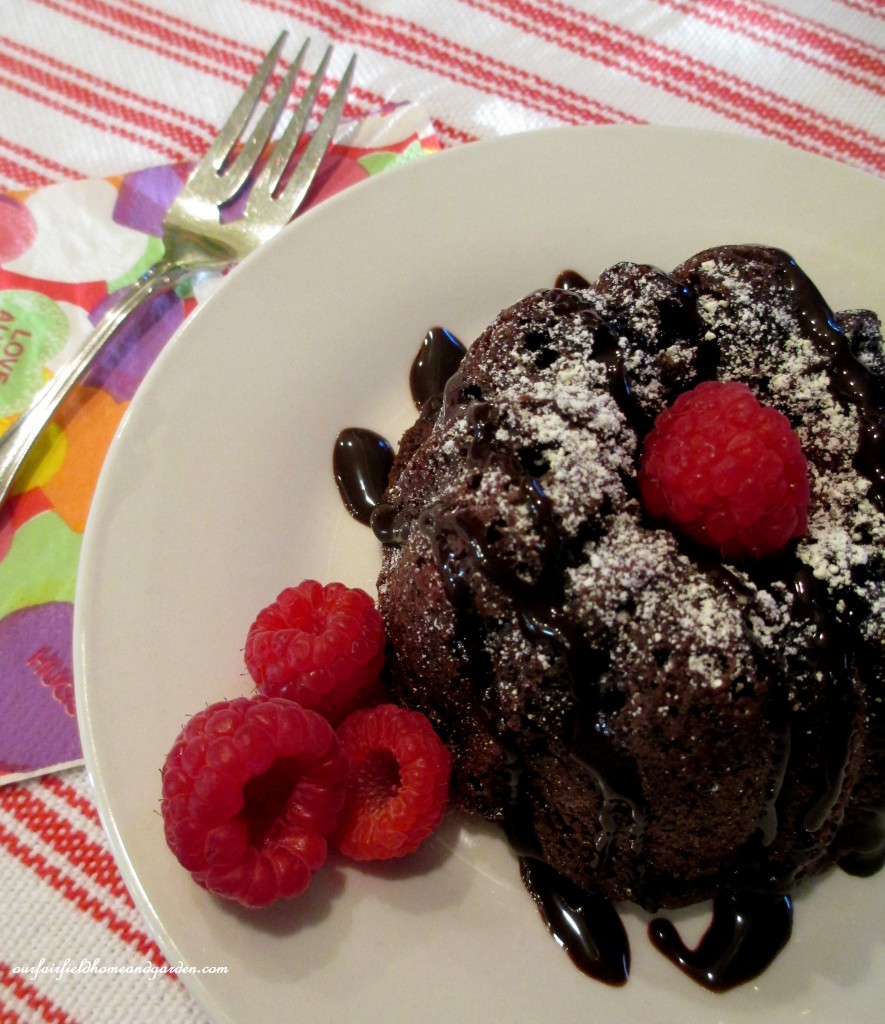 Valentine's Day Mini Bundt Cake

+-------+

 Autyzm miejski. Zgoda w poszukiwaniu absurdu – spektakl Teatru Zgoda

+-------+

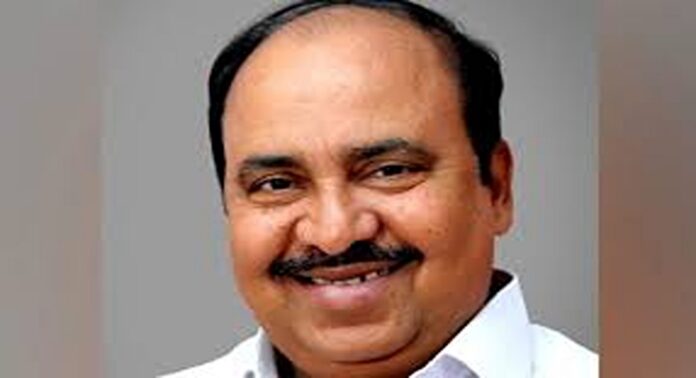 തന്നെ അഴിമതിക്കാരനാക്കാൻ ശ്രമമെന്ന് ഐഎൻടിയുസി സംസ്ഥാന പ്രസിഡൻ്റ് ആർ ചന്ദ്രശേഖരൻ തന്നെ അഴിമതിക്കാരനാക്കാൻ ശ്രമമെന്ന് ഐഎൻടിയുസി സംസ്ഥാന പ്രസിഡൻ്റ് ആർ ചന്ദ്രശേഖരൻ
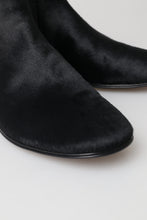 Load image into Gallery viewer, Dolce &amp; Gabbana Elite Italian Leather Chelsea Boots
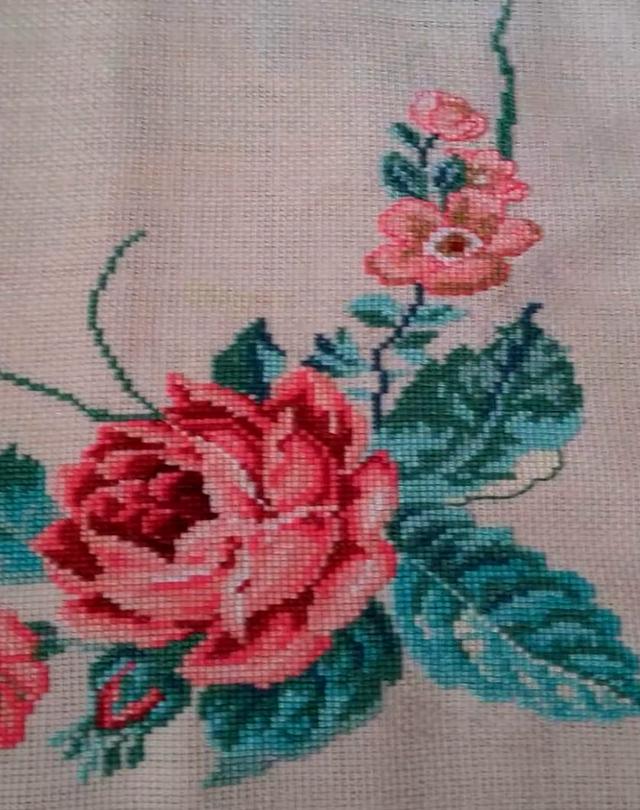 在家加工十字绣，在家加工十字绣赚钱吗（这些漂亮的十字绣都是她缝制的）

+-------+

Exercise details =
All that is wanted is the lines above between the one containing "Load image into" and the one containing "在家加工十字绣，在家加工十字绣赚钱吗（这些漂亮的十字绣都是她缝制的）", inclusive, restated word for word, with pictures omitted.

Task response =
 Load image into Gallery viewer, Dolce &amp; Gabbana Elite Italian Leather Chelsea Boots
 在家加工十字绣，在家加工十字绣赚钱吗（这些漂亮的十字绣都是她缝制的）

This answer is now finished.